McCusker relives fierce rivalry that's never lost its edge
ON Tuesday last, Paul Donnelly, the shaven-headed uncompromising Tyrone defender of the mid-'90s called into the Dungannon branch of the Bank of Ireland.
There, he met Fergal P McCusker, another defender from the same era for Derry, with perhaps a more cultured approach to his duties. Nowadays, McCusker manages the bank. It took only a few seconds of pleasantries before one of their recurring topics of conversation came to the fore - the cross-Sperrins rivalry of their prime, examined and analysed over breakfast in a local café.
And well they remember. Tyrone shaped Derry, just as much as Donegal and Down did throughout that period when half of the championship matches in Ulster were de facto All-Ireland finals. Consider that for the first four years of Peter Canavan's senior career he had never tasted victory for Tyrone in the Ulster Championship. That changed in '94 when they reached the final.
In the meantime, Derry relished keeping their boot on the Tyrone throat. They edged them by a point in the 1991 preliminary round. They benefited from Plunkett Donaghy dropping a late Anthony Tohill free from his grasp into the net to gift the 1992 league final.
When they reconvened for the championship opener weeks later, the BBC were covering their first live match and the throw-in was delayed due to their aversion to broadcasting the Irish anthem. By the time the ball was thrown in, the place was about to blow.
"That was a proper championship game, in the white hot heat of Celtic Park. The crowd hanging over the wire, baying for blood and a full house, two teams going at it hammer and tongs," recalls McCusker.
With all that as a backdrop, the 1995 game was always going to be labelled 'extremely flammable'. The uncharacteristic heat played its part too. "Outside the ground, I think the temperature was 28, 29 degrees," says Jody Gormley, Tyrone's midfielder that day. "Inside Clones, with the crowd and everything else, the temperature was certainly higher than that."
And because of that, "Maybe we didn't cope all that well with the situation in the first half," says Gormley with understatement.

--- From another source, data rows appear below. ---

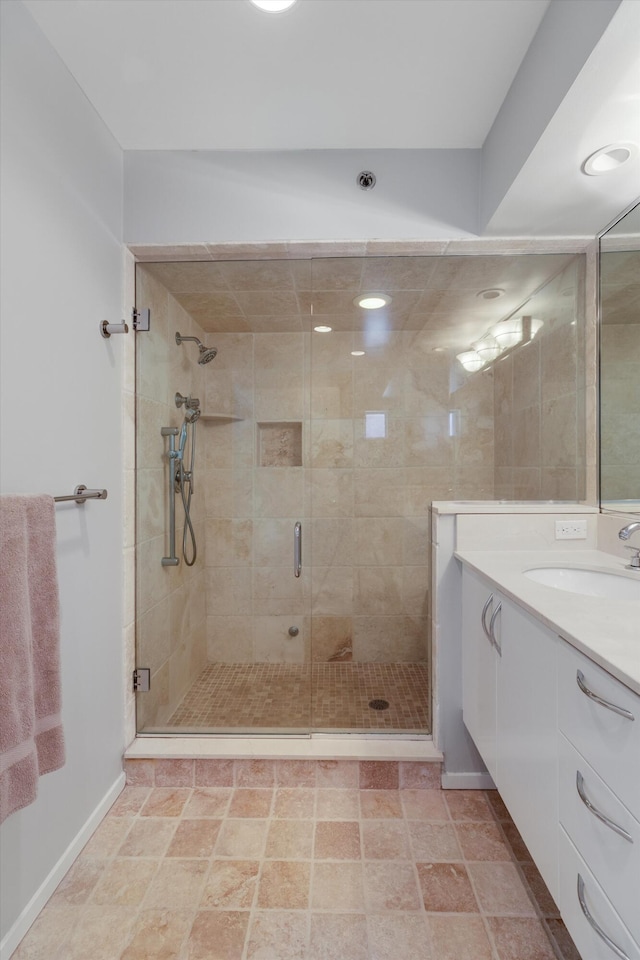 bathroom featuring vanity, baseboards, and a stall shower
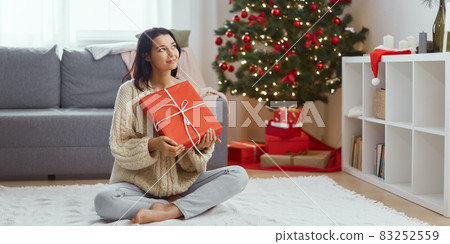Woman With Present in the Gift Box Near Christmas Tree at Home 83252559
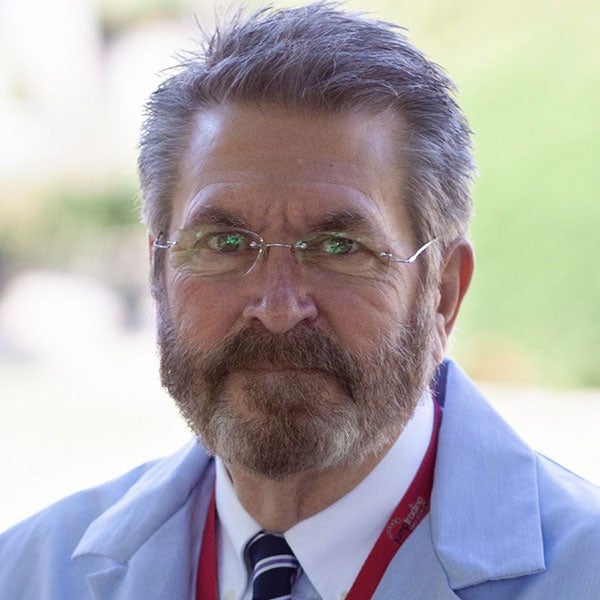 man with short hair, beard and mustache, and glasses, wearing a white shirt, blue neck tie and white lab coat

They had their pre-game stuff right. For all the gruff persona that he did little to discourage, then-Tyrone manager Art McRory was a multi-layered character. With tastes ranging from the opera to his stewardship of greyhounds, he was up with the science of the time and Tyrone had their hydration and electrolytes on board.

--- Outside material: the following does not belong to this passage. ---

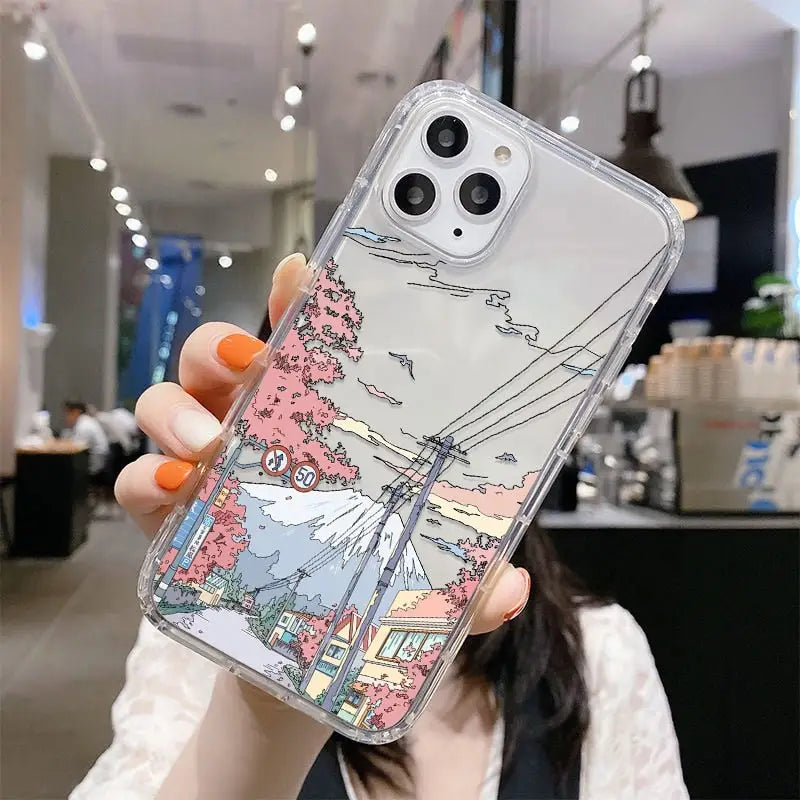 a woman holding up a phone case with a drawing of a city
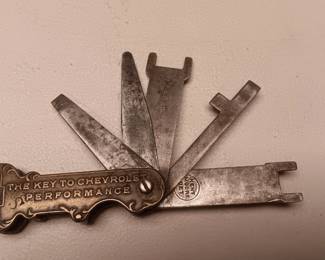 antique Chevrolet multi tool shaped like a key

What they weren't expecting was an early red card for Seamus McCallan, followed by another when Pascal Canavan sent a flurry of flakes into Damian Barton's face as he held him by the throat. Tyrone looked sunk. McCusker knew Cavan ref Michael Greenan would be put under pressure. "He was cornered in the changing rooms at half-time. Art was waiting for him and ambushed him," he says. "I can imagine the referee's state of mind as he came out for the second half. We were well-schooled for what was going to happen."

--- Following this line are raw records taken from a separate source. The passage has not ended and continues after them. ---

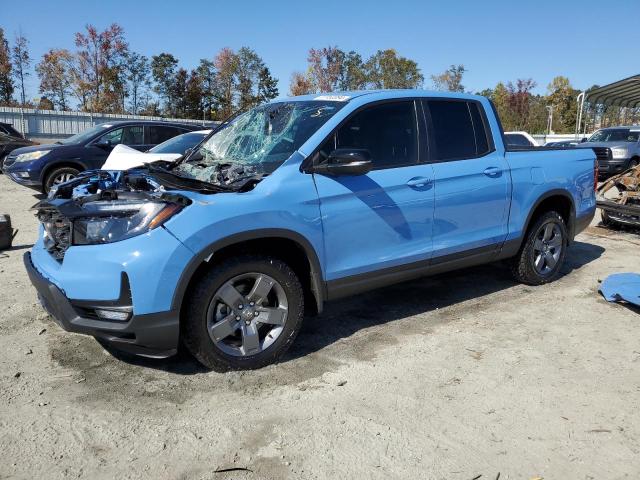Photo 1 from auction – 2024 HONDA RIDGELINE with VIN 5FPYK3F68RB019881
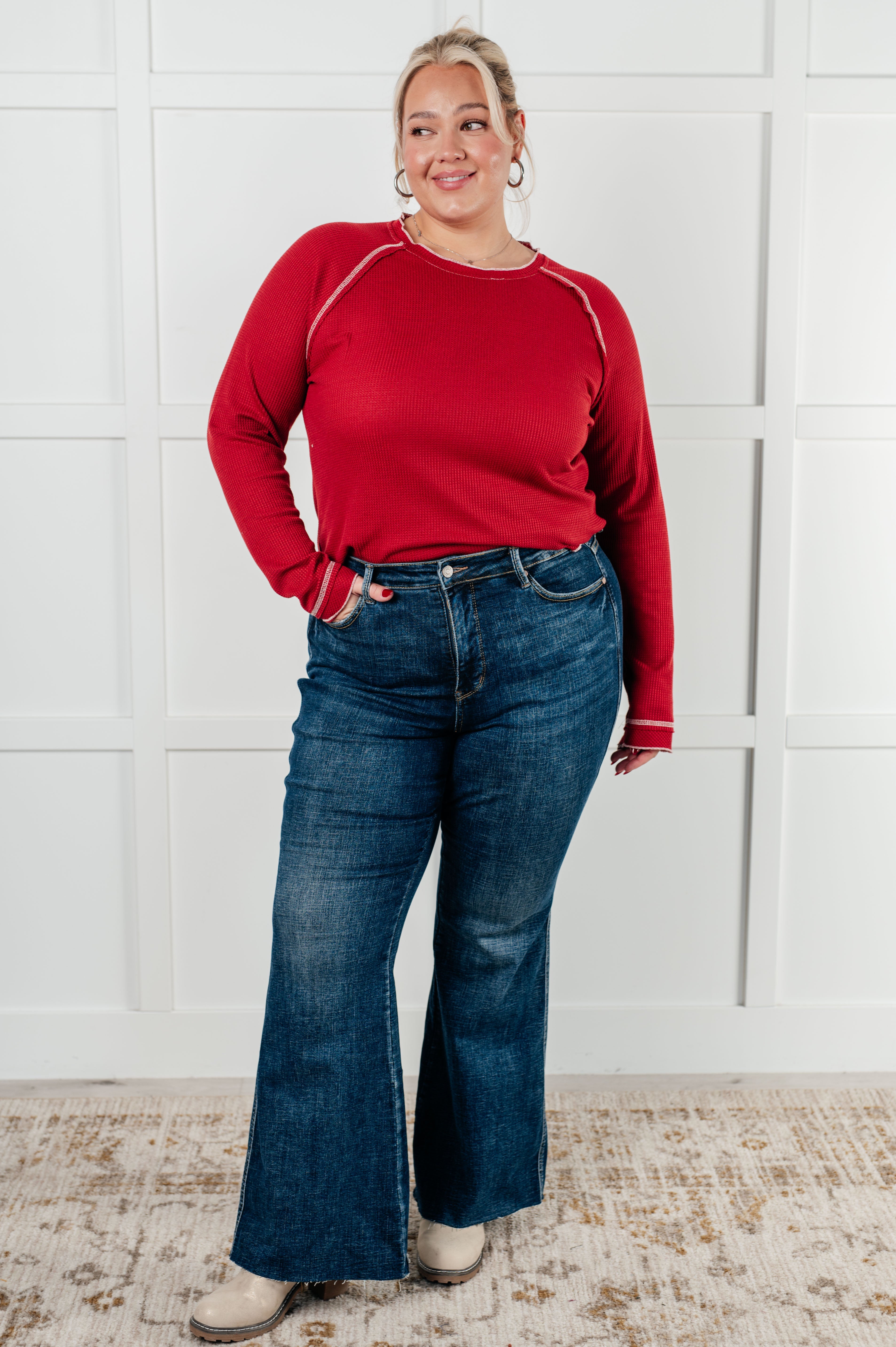 Woman modeling red Clever Expression Long Sleeve Top with contrast stitching paired with dark flared jeans and boots indoors
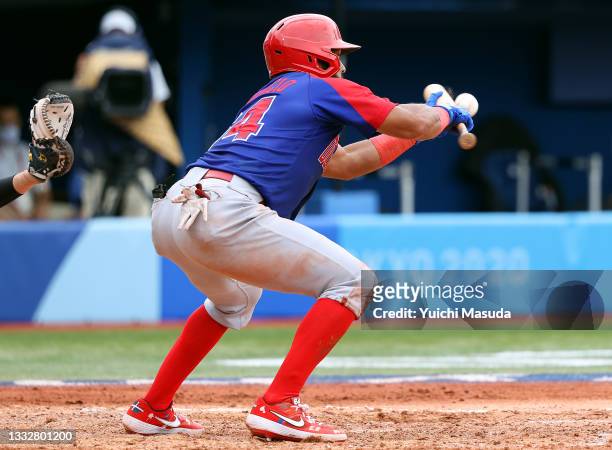 Outfielder Emilio Bonifacio of Team Dominican Republic lays down for a sacrifice bunt in the during the bronze medal game between Dominican Republic...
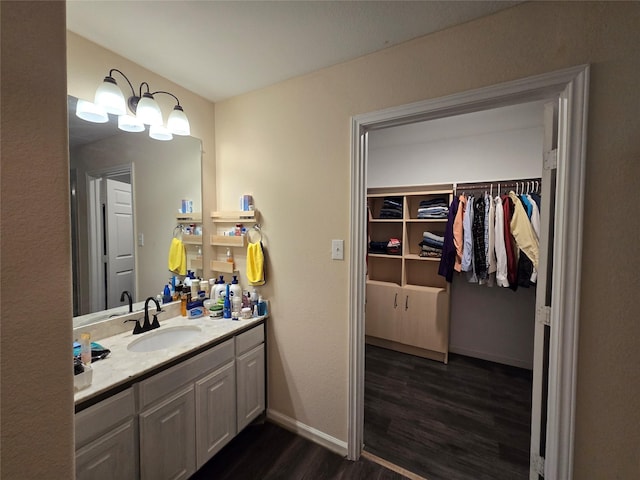 bathroom with a walk in closet, vanity, baseboards, and wood finished floors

And then… "I was sent off for a brush with Peter Canavan. That's all it could be described as. I was going out with the ball, fisted it over his head and Peter ran into me, lay down and I was sent off."
Gormley's recollection is of Dr John Kremer, a renowned Sports Psychologist attached to Queen's University and part of the Tyrone backroom team, loosening the tension at half-time.
Tyrone would nibble away at Derry's lead. Canavan was inspired, giving birth to the old joke about taxis only having to carry four passengers, while Canavan carried 14 that very day. But the mood was ugly in the Gerry Arthurs Stand.
"It was the most vitriolic and poisonous atmosphere of a Gaelic football match I think I was ever at," states McCusker. Although he was from the heart of south Derry in Maghera, he had spent enough nights in Cookstown to recognise the edge between the two counties.
As the heat exacted its toll, the sides were locked at ten points each before Stephen Lawn - himself from Cookstown - raced out to take a handpass to Canavan on the sideline, turning Gary Coleman as he gathered the ball, prompting Jimmy Magee to say in the commentary gallery, "His foot went out but the ball stayed in."
When faced with a retreating Tohill, he turned back and found Jody Gormley in a perfect position to float over with his left foot.
"There could have been as much as four or five minutes to go. At the time it was just an opportunity to score, a great pass from Stephen and I was in a position where I couldn't really miss," he recalls.
Tyrone held on and reached an All-Ireland final that they still fume about the injustices of. That's how strong Ulster was back then in those pre-back door times.
"The beauty of those games were that it was s**t or bust. It was all-in," says McCusker. Tonight, the cross-Sperrins rivalry continues. League is league and all that, but this is a rivalry that never loses its appeal.